Institutional researchers also maintain a constructive long-term view. Grayscale Research anticipates Bitcoin exceeding previous highs in the first half of 2026. Their analysis suggests that the next leg up will be driven by deepening institutional adoption rather than solely by Federal Reserve interest rate policy. Furthermore, JPMorgan analysts noted recently that Bitcoin's correlation with the dollar has shown signs of flipping positive in specific safe-haven regimes, suggesting BTC could eventually rally alongside the USD if the currency debasement narrative takes hold over the geopolitical one.
The Bear Case
Conversely, the immediate outlook remains clouded by macro headwinds. Tony Sycamore, Market Analyst at IG, warns that the geopolitical situation is the primary driver. He predicts that if the Middle Eastern conflict persists, it will sustain higher inflation expectations and a stronger USD, effectively taking Fed rate cuts off the table despite the weak jobs data.
On the technical front, OneUp Trader highlights that the daily chart remains in a clear bearish structure. They point out that price is trading below both the 50-day moving average ($80,000) and the 200-day moving average ($101,000), signaling that bears remain in control of the trend.

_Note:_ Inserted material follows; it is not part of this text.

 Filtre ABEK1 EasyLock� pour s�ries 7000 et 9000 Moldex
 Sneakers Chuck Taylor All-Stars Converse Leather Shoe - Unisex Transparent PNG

Additionally, Han Tan, Chief Market Analyst at Bybit, points to on-chain stress. Tan notes that negative hashrate growth is a sign that miners are beginning to unplug hardware due to the profitability squeeze. If this miner capitulation accelerates, it could lead to further sell pressure as operations liquidate treasury holdings to cover operational costs.
What to Watch
Investors should monitor the Bitcoin network hashrate closely over the next 14 days. A significant drop would confirm miner capitulation, often a precursor to a market bottom. Additionally, the market's reaction to the upcoming Federal Reserve meeting will be critical; the central bank must now weigh the inflationary pressure of conflict against the deflationary signal of the -92k NFP print.